In my experience, the Machine Learning part is usually the largest part of the interview. It may be a few basic questions, but it’s helpful to be prepared to more in-depth Machine Learning questions, especially if you claim to have worked with it on your CV.

General ML Questions

The ML part may start with something like:

What is the difference between supervised and unsupervised learning? Which algorithms are supervised learning and which are not? Why?
What is your favorite ML algorithm and why?

And then go into details

Regression

Describe the regression problem. Is it supervised learning? Why?
What is linear regression? Why is it called linear?
Discuss the bias-variance tradeoff.

Linear Regression:

What is Ordinary Least Squares Regression? How it can be learned?
Can you derive the OLS Regression formula? (For one-step solution)
Is model $Y \sim X_1 + X_2 + X_1 \, X_2$ still linear? Why?
Do we always need the intercept term? When do we need it and when do we not?
What is collinearity and what to do with it? How to remove multicollinearity?
What if the design matrix is not full rank?
What is overfitting a regression model? What are ways to avoid it?
What is Ridge Regression? How is it different from OLS Regression? Why do we need it?
What is Lasso regression? How is it different from OLS and Ridge?
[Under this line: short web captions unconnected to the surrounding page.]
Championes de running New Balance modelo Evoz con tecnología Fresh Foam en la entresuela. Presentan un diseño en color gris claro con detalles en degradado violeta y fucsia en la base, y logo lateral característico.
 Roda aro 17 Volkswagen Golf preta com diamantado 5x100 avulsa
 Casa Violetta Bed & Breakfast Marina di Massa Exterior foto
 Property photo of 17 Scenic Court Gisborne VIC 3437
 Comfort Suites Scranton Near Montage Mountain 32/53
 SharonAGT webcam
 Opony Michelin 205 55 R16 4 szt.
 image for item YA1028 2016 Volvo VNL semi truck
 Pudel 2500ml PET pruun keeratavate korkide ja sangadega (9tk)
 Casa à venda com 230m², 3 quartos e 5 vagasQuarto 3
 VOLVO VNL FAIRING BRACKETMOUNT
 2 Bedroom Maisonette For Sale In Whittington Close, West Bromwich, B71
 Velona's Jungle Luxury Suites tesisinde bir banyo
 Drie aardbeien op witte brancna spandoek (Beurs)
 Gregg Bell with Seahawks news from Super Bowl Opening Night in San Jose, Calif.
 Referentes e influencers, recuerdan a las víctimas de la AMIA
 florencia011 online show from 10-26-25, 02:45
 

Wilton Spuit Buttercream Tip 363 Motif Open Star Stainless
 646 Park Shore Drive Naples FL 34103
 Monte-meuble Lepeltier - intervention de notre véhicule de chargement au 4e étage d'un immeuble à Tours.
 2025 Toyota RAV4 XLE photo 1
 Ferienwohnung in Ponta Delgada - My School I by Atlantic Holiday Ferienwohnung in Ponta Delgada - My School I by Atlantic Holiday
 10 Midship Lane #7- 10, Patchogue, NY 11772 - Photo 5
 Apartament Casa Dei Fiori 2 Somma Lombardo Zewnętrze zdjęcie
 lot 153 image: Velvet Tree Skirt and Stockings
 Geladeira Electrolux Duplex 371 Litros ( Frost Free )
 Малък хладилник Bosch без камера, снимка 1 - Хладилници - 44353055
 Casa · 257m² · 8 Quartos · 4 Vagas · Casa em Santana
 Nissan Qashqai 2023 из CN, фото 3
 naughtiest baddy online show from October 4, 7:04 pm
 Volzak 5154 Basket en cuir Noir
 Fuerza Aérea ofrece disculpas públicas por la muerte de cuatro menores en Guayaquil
Linear Regression assumptions:

What are the assumptions required for linear regression?
What if some of these assumptions are violated?

Significant features in Regression

You would like to find significant features. How would you do that?
You fit a multiple regression to examine the effect of a particular feature. The feature comes back insignificant, but you believe it is significant. Why can it happen?
Your model considers the feature $X$ significant, and $Z$ is not, but you expected the opposite result. Why can it happen?

Evaluation

How to check is the regression model fits the data well?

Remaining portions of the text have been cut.